For more information about using expressions to sort search results, see Controlling Search Results.
Sorting Results by Distance API Version 2013-01-01 150
Amazon CloudSearch Developer Guide
Searching DynamoDB Data with Amazon CloudSearch
You can specify a DynamoDB table as a source when configuring indexing options or uploading
data to a search domain through the console. This enables you to quickly set up a search domain to
experiment with searching data stored in DynamoDB database tables.
To keep your search domain in sync with changes to the table, you can send updates to both your
table and your search domain, or you can periodically load the entire table into a new search
domain.
Topics
Configuring an Amazon CloudSearch Domain to Search DynamoDB Data
Uploading Data to Amazon CloudSearch from DynamoDB
Synchronizing a Search Domain with a DynamoDB Table
Configuring an Amazon CloudSearch Domain to Search DynamoDB
Data
The easiest way to configure a search domain to search DynamoDB data is to use the Amazon
CloudSearch console. The console's configuration wizard analyzes your table data and suggests
indexing options based on the attributes in the table. You can modify the suggested configuration
to control which table attributes are indexed.
Note
To upload data from DynamoDB, you must have permission to access both the service and
the resources you want to upload. For more information, see Using IAM to Control Access to
DynamoDB Resources.
When you automatically configure a search domain from a DynamoDB table, a maximum of 200
unique attributes can be mapped to index fields. (You cannot configure more than 200 fields for a
search domain, so you can only upload data from DynamoDB tables with 200 or fewer attributes.)
When Amazon CloudSearch detects an attribute that has a small number of distinct values, the
field is facet enabled in the suggested configuration.
Searching DynamoDB Data API Version 2013-01-01 151
Amazon CloudSearch Developer Guide
Important
When you use a DynamoDB table to configure a domain, the data is not automatically
uploaded to the domain for indexing. You must upload the data for indexing as a separate
step after you configure the domain.
Configuring a Domain to Search DynamoDB using the Amazon CloudSearch
Console
You can use the Amazon CloudSearch console to analyze data from a DynamoDB table to configure
a search domain. A maximum of 5 MB is read from the table regardless of the table size. By default,
Amazon CloudSearch reads from the beginning of the table. You can specify a start key to begin
reading from a particular item.
To configure a search domain using a DynamoDB table
1. Open the Amazon CloudSearch console at https://console.aws.amazon.com/cloudsearch/
home.
2. From the left navigation pane, choose Domains.

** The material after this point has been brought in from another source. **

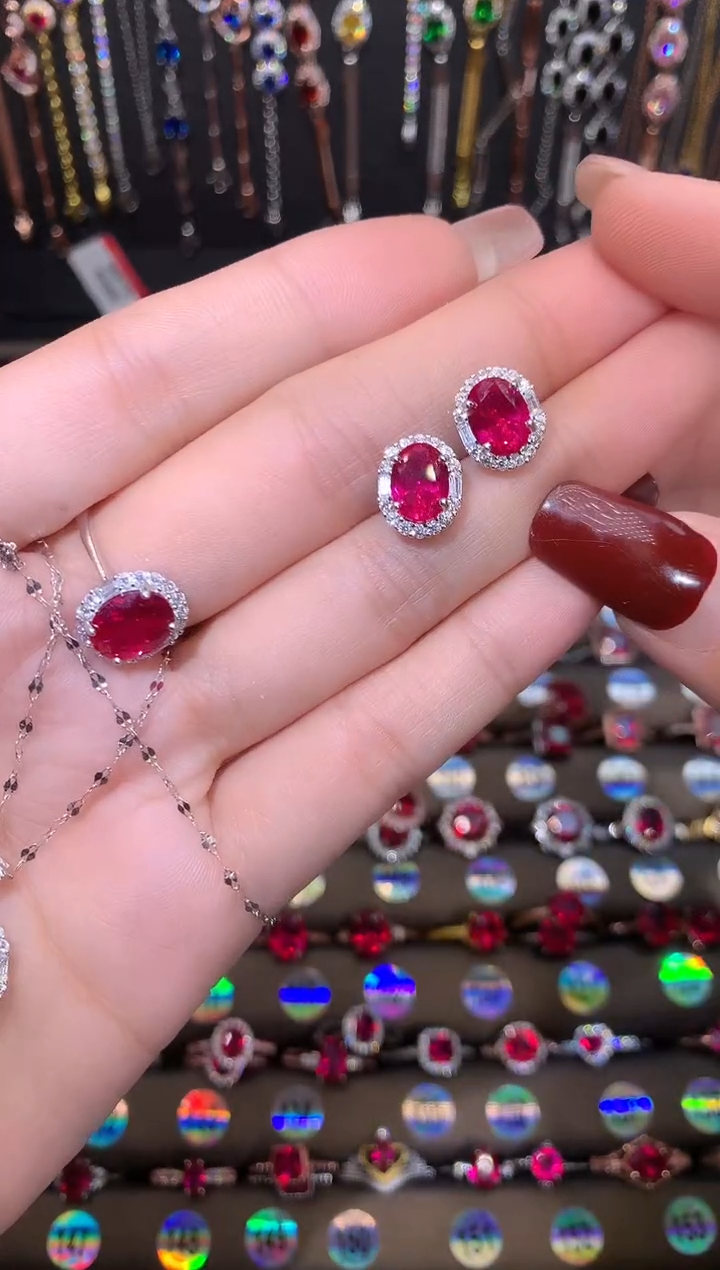 【闪购商品】红宝石耳饰银S925镶嵌银色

3. Choose the name of the domain to open its details panel.
4. Go to the Indexing options tab and choose Configuration wizard.

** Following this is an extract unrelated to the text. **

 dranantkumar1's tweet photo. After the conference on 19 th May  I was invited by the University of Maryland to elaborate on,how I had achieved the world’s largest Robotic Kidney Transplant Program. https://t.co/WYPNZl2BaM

5. Select Amazon DynamoDB.
6. Select the DynamoDB table that you want to analyze.
To limit the read capacity units that can be consumed while reading from the table, enter
the maximum percentage of read capacity units you want to use.
To start reading from a particular item, specify a Start hash key. If the table uses a hash and
range type primary key, specify both the hash attribute and the range attribute for the item.
7. Choose Next.
8. Review the suggested configuration. You can edit these fields and add additional fields.
9. When you finish, choose Confirm.
10. If you haven't uploaded data to your domain yet, clear the Run indexing now checkbox to exit
without indexing. If you're done making configuration changes and are ready to index your
data with the new configuration, make sure Run indexing now is selected. When you're ready
to apply the changes, choose Finish.
Configuring a Domain to Search DynamoDB Data API Version 2013-01-01 152
Amazon CloudSearch Developer Guide
Uploading Data to Amazon CloudSearch from DynamoDB
You can upload DynamoDB data to a search domain through the Amazon CloudSearch console
or with the Amazon CloudSearch command line tools. When you upload data from a DynamoDB
table, Amazon CloudSearch converts it to document batches so it can be indexed. You select define
index fields for each of the attributes in your domain configuration. For more information, see
Configuring an Amazon CloudSearch Domain to Search DynamoDB Data.
You can upload data from more than one DynamoDB table to the same Amazon CloudSearch
domain. However, keep in mind that you can upload a maximum of 200 attributes from all tables
combined. If an item with the same key appears in more than one uploaded table, the last-applied
item overwrites all previous versions.
When converting table data to document batches, Amazon CloudSearch generates a document
for each item it reads from the table, and represents each item attribute as a document field. The
unique ID for each document is either read from the docid item attribute (if it exists) or assigned
an alphanumeric value based on the primary key.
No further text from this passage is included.